All statistical analyses were performed using R software (version 4.2.1). The Wilcoxon test was used for paired sample comparisons, and Kaplan-Meier (KM) survival analysis with log-rank tests was conducted to assess overall survival (OS) across different samples. A two-tailed p-value < 0.05 was considered statistically significant.

Results

Identification of migrasome-related LncRNAs

Overall, we identified 3,590 migrasome-related lncRNAs in LUAD by applying a Pearson correlation threshold of |R| > 0.4 and p < 0.001. Figure 2A and Supplementary Table S1 present the associations between the nine migrasome genes and their respective lncRNAs.

Fig. 2.

Identification of metastasis-related lncRNAs and development of prognostic models in LUAD. A Sankey diagram illustrating associations between metastasis genes and metastasis-related lncRNAs. B Ten-fold cross-validation for selecting the tuning parameter lambda in the LASSO Cox regression model. C LASSO coefficient profiles of 241 metastasis-related lncRNAs. D Heatmap showing correlations between metastasis genes and 9 metastasis-related lncRNAs

Establishment of prognosis-related migrasome-related LncRNA signatures

By conducting univariate Cox regression analysis, we identified 241 differentially expressed migrasome-related lncRNAs associated with prognosis (Supplementary Table S2).
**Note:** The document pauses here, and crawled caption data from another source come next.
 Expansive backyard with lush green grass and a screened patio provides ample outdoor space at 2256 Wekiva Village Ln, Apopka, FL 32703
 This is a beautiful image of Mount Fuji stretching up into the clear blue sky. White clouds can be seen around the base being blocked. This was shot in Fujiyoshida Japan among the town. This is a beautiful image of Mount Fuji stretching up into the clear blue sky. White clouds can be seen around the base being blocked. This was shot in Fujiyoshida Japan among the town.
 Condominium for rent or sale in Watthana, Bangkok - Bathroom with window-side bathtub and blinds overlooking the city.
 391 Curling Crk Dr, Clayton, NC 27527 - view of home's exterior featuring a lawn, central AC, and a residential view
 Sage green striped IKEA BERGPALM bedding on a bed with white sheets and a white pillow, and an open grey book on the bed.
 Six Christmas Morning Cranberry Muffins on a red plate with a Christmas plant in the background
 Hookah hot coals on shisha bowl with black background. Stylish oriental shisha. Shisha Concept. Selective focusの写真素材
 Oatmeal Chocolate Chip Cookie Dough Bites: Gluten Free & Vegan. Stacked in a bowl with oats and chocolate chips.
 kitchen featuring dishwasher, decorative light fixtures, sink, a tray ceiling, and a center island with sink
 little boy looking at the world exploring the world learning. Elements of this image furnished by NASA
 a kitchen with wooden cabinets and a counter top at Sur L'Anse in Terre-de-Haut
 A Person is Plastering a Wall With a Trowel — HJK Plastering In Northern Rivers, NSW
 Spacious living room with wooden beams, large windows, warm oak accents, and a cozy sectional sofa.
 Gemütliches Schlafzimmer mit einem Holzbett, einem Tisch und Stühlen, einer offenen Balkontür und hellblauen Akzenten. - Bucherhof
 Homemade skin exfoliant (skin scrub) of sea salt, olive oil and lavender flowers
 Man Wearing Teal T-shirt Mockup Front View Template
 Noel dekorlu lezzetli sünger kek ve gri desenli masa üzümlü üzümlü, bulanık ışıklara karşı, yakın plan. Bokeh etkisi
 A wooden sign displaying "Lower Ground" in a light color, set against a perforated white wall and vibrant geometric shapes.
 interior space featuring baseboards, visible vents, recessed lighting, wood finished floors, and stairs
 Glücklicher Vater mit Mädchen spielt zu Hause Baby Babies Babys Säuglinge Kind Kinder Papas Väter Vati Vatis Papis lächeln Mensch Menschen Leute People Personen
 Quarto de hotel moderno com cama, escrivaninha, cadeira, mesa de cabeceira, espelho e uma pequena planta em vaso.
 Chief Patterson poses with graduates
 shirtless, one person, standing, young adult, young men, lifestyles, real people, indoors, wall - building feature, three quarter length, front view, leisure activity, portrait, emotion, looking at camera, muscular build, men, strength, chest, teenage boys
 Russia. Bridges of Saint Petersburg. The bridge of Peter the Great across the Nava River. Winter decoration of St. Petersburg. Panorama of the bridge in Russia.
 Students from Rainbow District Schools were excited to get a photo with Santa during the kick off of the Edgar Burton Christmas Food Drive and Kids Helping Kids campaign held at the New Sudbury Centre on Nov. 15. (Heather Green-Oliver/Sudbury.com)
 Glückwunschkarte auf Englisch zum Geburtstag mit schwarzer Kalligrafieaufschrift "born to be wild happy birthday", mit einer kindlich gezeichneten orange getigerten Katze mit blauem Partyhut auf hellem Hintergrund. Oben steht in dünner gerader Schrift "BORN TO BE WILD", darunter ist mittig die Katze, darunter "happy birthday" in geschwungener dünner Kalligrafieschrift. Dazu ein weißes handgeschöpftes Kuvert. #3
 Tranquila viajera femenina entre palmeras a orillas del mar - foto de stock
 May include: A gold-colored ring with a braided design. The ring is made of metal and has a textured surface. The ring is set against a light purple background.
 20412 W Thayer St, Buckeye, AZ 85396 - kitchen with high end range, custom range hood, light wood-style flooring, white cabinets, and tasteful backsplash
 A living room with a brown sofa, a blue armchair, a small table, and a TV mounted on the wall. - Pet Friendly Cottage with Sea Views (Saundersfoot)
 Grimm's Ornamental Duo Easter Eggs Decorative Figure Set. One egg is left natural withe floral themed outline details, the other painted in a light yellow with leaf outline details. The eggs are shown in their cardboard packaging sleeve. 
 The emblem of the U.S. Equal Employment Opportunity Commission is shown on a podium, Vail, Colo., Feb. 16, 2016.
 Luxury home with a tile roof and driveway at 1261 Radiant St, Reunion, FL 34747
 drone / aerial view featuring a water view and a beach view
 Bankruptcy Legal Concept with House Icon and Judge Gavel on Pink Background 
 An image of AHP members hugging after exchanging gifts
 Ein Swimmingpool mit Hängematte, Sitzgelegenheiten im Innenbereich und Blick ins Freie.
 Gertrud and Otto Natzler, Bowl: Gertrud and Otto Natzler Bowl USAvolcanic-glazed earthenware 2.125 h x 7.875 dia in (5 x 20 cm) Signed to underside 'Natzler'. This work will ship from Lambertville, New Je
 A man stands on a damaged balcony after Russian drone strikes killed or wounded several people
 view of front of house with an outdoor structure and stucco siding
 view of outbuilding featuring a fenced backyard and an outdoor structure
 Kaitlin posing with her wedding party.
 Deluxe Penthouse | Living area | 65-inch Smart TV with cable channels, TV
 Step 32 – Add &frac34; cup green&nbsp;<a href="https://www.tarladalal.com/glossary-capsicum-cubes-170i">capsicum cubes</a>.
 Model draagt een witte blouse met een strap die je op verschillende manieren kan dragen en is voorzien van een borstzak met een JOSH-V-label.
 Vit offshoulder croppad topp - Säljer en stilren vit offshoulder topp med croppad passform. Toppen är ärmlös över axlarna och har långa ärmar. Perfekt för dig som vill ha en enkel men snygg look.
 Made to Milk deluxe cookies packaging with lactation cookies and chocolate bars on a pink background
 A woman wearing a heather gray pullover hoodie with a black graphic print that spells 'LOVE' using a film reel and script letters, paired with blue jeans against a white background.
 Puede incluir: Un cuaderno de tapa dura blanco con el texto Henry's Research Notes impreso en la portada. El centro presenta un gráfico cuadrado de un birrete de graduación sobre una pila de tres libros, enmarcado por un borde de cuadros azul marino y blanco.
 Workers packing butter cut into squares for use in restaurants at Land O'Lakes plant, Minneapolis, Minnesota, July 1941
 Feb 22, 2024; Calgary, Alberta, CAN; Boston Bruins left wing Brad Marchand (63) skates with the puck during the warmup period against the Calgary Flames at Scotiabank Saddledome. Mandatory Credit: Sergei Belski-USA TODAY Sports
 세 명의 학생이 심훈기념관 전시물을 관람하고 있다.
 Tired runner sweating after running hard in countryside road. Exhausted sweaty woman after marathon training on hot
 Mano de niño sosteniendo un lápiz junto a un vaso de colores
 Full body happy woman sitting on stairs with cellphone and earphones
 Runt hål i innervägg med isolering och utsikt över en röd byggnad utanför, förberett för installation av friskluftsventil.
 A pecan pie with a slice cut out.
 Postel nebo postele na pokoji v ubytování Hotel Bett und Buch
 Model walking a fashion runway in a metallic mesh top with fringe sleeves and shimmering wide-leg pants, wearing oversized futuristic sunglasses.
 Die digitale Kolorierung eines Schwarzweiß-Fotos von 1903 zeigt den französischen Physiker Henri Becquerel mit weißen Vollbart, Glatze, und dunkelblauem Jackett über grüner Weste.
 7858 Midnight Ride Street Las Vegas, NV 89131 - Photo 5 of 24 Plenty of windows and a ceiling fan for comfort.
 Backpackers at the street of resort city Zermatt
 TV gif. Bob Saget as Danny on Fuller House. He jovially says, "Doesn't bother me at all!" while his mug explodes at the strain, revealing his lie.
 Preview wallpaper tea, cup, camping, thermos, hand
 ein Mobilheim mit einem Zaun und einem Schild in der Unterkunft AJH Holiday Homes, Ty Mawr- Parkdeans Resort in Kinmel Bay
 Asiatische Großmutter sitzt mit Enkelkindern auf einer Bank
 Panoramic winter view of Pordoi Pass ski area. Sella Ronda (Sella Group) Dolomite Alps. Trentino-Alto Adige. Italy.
We then employed LASSO analysis in the training set to pinpoint lncRNAs with the highest prognostic value (Fig. 2B and C). Ultimately, 36 lncRNAs were selected, and 17 of these were integrated into a multivariate Cox proportional hazards model. The risk score was calculated as follows: Risk score = AC004967.2 × (− 0.482446620259242) + AL022724.3 × (− 1.61505561066709) + AC135507.1 × (− 0.842324502806729) + AC027237.4 × (1.61787943088991) + AL356608.1 × (− 2.48615135723603) + AC004918.3 × (− 0.477188637485125) + AC007686.2 × (− 1.8309796164912) + AL353138.1 × (− 0.31315074508011) + AC084781.1 × (1.98283967059868) + AL606489.1 × (0.511505878998398) + AC025871.1 × (− 1.59773646824115) + AP005136.4 × (2.3658659236992) + AC009019.1 × (− 1.41689033062941) + PAN3-AS1 × (− 0.775469575769909) + LINC00205 × (0.533934501231128) + AP001267.3 × (− 0.745828760501742) + FRMD6-AS1 × (1.11562109823617). To further examine the relationships between these 17 lncRNAs and the nine migrasome genes, a correlation heatmap was generated using TCGA data (Fig. 2D).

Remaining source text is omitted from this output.